Es gibt sogar ein richtiges Nummernschild - natürlich auch aus Stoff. „WES - DH 3“ steht darauf und bezieht sich auf das dreijährige Bestehen der Wollmäuse und ihr Zuhause. Das ist für die 13 fleißigen Handarbeiterinnen der idyllisch gelegene Campingplatz Dingdener Heide am Bußter Weg. Immer dienstags treffen sie sich für zwei Stunden zum Stricken oder Häkeln in der Waldschänke, die Gisela Anhöcks Tochter Claudia Sbai betreibt. Manchmal gibt’s Kaffee und Kuchen dazu, oder einfach nur ein kühles Getränk. Bei schönem Wetter sitzen die Frauen auch gerne draußen. „Alle handarbeiten gerne und wir wollten uns außerdem auch mal regelmäßig treffen“, erklärt die gebürtige Duisburgerin die Beweggründe.

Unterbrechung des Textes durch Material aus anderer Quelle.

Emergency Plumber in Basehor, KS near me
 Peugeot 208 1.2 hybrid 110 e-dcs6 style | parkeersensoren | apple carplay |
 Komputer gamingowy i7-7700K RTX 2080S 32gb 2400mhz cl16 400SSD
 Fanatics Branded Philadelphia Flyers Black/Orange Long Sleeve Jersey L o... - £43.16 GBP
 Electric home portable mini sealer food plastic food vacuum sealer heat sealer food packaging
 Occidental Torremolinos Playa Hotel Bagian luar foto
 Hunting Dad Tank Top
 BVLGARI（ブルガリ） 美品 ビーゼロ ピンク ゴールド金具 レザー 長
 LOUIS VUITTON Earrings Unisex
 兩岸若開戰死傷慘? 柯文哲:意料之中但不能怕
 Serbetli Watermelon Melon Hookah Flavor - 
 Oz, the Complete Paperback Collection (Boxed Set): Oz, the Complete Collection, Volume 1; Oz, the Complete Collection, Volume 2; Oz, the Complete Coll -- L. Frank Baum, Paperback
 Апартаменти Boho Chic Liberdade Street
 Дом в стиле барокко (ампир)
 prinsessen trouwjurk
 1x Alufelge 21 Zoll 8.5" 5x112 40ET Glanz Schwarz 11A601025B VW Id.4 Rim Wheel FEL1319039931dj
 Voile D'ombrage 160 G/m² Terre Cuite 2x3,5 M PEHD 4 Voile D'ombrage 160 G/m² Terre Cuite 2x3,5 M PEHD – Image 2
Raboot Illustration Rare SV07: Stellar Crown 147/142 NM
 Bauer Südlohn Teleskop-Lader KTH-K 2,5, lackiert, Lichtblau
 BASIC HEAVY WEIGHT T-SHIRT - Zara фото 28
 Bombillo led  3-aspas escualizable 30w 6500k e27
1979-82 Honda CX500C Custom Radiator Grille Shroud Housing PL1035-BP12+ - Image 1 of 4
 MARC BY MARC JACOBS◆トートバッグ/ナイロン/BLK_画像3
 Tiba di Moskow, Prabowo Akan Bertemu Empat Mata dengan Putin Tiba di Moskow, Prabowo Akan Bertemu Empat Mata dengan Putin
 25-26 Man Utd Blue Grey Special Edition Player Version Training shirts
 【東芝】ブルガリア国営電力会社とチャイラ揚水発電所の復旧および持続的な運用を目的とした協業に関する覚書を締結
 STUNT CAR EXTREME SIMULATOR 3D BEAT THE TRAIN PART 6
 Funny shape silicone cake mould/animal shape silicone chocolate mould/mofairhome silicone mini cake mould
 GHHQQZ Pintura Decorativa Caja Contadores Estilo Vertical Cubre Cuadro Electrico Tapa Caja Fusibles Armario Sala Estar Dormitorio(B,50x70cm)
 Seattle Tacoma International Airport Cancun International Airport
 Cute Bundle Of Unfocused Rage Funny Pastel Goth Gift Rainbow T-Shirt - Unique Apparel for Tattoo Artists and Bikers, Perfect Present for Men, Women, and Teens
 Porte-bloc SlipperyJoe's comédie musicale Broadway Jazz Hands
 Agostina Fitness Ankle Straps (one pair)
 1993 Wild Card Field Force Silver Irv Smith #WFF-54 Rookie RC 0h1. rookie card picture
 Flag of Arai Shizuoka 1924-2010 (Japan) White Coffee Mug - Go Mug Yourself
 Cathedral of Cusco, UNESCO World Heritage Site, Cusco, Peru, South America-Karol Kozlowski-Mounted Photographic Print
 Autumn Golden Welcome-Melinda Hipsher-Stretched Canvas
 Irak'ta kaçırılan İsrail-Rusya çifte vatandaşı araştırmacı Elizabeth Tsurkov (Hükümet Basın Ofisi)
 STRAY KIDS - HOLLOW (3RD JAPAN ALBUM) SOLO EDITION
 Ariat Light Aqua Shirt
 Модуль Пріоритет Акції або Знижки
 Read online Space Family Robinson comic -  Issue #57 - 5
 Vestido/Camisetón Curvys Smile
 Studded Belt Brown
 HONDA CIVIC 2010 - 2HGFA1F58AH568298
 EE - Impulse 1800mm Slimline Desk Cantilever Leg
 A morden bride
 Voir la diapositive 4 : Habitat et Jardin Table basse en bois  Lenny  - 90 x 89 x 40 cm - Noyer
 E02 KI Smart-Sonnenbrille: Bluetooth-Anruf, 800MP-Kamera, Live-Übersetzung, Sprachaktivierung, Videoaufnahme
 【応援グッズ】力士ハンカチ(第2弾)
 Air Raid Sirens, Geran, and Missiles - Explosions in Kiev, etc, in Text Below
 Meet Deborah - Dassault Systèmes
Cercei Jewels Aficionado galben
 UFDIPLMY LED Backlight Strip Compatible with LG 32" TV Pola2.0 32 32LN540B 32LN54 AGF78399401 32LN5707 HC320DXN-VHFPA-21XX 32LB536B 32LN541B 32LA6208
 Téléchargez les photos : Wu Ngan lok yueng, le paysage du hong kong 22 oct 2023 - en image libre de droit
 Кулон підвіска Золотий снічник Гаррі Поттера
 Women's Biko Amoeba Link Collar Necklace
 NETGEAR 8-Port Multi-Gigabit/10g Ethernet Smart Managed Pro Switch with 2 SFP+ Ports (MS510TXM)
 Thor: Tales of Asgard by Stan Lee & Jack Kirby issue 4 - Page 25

Fleißig klappern nun seither die Nadel und die Frauen geben sich bei schwierigen Mustern gegenseitig Tipps und Ratschläge. „Unsere Josefa ist die Maschen-Feuerwehr“, erzählt Gisela Anhöck. „Gott sei Dank, dass wir sie haben“, fügen die anderen Frauen sofort hinzu. „Sie rettet jeden Socken und jedes Teil.“ Einen richtigen Strickausweis haben die Damen im Alter zwischen 50 und 76 übrigens auch: eine kleine Mini-Socke mit gekreuzten Stricknadeln. Aber wehe, wenn eine der Teilnehmerinnen in der Ruhe das Markenzeichen vergessen hat. Dann muss ein Strafgeld in den „Pott“ gezahlt werden. Der ist, wie kann es anders sein, natürlich auch gestrickt.

Schon lange stricken und häkeln die Camperinnen nicht mehr ausschließlich für sich oder ihre Familien. Ihre Arbeiten sind ein begehrtes Geschenk bei den regelmäßig stattfindenden Oster- und Martinsmärkten.

Über eine Frage konnten sich die Frauen bislang noch nicht verständigen: Wer steuert am 11. Oktober die Rennkarre? Wahrscheinlich wird der Platz ausgelost.